The Insolvency and Bankruptcy Code, 2016 (“Code”) has brought about a significant transformation in India's insolvency landscape by establishing a comprehensive framework for resolving corporate insolvencies. In addition to addressing corporate insolvencies, the Code has also introduced substantial changes in relation to the liability of personal guarantors under insolvency. The Code, which came into force in December 2016, was further amended in December 2019 to include provisions for individual insolvency concerning personal guarantors to corporate persons. This article aims to shed light on the provisions of personal guarantors to the corporate debtors under the Code.

Part III of the Code classifies individuals into three classes, namely:

  • personal guarantors to corporate debtors,

  • partnership firms and

  • proprietorship firms, and other individuals,

Chapter III of Part III of the Code decodes the provisions of insolvency process for personal guarantors to corporate debtors enabling the implementation of individual insolvency in a phased manner.

The term personal guarantor has been defined Clause (22) of Section 5 of the Code, and Clause (e) of Rule 3 of Insolvency and Bankruptcy (Application to Adjudicating Authority for Insolvency Resolution Process for Personal Guarantors to Corporate Debtors) Rules, 2019, which is reproduced herewith respectively for reference:

“personal guarantor” means an individual who is the surety in a contract of guarantee to a corporate debtor;

 “guarantor” means a debtor who is a personal guarantor to a corporate debtor and in respect of whom the guarantee has been invoked by the creditor and remains unpaid in full or part.

 Recent amendment in the Code [1]

The latest amendment related to individual insolvency came into force by way of a notification dated November 15, 2019, to support better insolvency resolution to personal guarantors to companies. Prior to this amendment, personal guarantors were not directly subjected to the insolvency process. The impugned notification dated 15.11.2019 (“Notification”) reads as under:

"In the exercise of the powers conferred by sub-section (3) of section I of the Insolvency and Bankruptcy Code, 2016 (31 of 2016), the Central Government hereby appoints the 1st day of December 2019 as the date in which the following provisions of the said code only in so far as they relate to personal guarantors to corporate debtors shall come into force:

a. Clause (e) of section 2;

b. Section 78 (except with regard to fresh start process) and section 79;

c. Sections 94 to 187 (both inclusive);

d. Clause (g) to clause (i) of sub-section (2) of section 239;

e. Clause (m) to clause (zc) of sub-section (2) of section 239;

f. Clause (zn) to clause (zs) of sub-section (2) of section 240;

g. Section 249."

 

The said Notification also empowered the National Company Law Tribunal/s (“NCLT/s”) in the country to act as the adjudicating authority for insolvency proceedings against personal guarantors to companies. Further, the Notification inserted sub-clause (e) to Section 2[i] which provides that the applicability of the Code shall extend to the personal guarantors to corporate debtors. The Notification brought into force certain other provisions, namely, Sections 78, 79 & 94 to 187 of the Code (Part III) which provides for insolvency and bankruptcy of individuals, along with Section 239 (Power to make rules), Section 240 (Power to make regulations) and Section 249 of the Code (Part V) in so far as they relate to personal guarantors to a corporate debtor.

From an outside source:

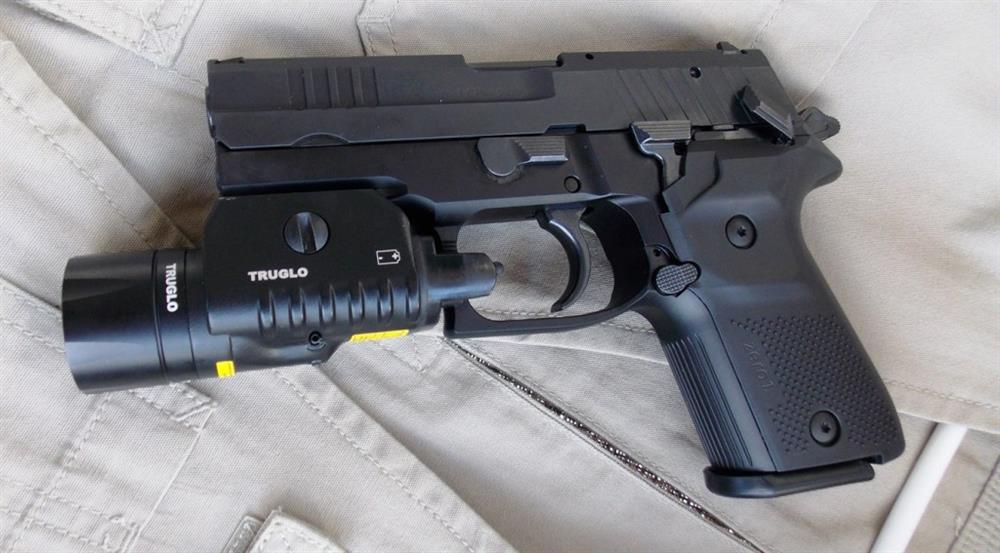 Rex Zero 9mm pistol with truglo combat light mounted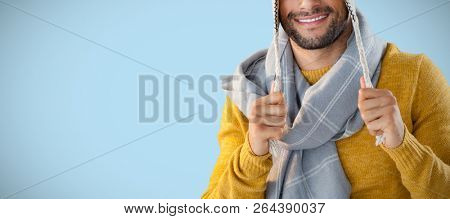 Portrait of smiling man holding wooly hat against blue background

The said Notification was challenged before the Hon’ble Supreme Court in the case of Lalit Kumar Jain vs. Union of India[2], where a two-Judge Bench inter alia, held that the liability of a personal guarantor is not discharged merely on the discharge of a corporate debtor. The Hon’ble Supreme Court validated the Central Government's authority to enforce specific sections related to personal guarantors in the context of corporate debtors. Pertinently, the judgment clarified that the approval of a resolution plan does not automatically absolve personal guarantors of their liabilities, emphasizing that the surety's obligation remains despite the principal borrower's discharge under the Code.

The Indian Contract Act, 1872 (“Act”), provides for the definition of a 'contract of guarantee’ under Section 126 of the Act. The section states that a ‘contract of guarantee’ is a contract to perform the promise or discharge of liability, of a third person in case of default. It is a tri-party agreement wherein the person who gives the guarantee is called ‘surety’; the person in respect of whose default the guarantee is given is called the ‘principal debtor’, and the person to whom the guarantee is given is called the ‘creditor’. Section 128 of the Act states that the liability of surety is co-extensive with that of the principal debtor unless it is otherwise provided by the Contract.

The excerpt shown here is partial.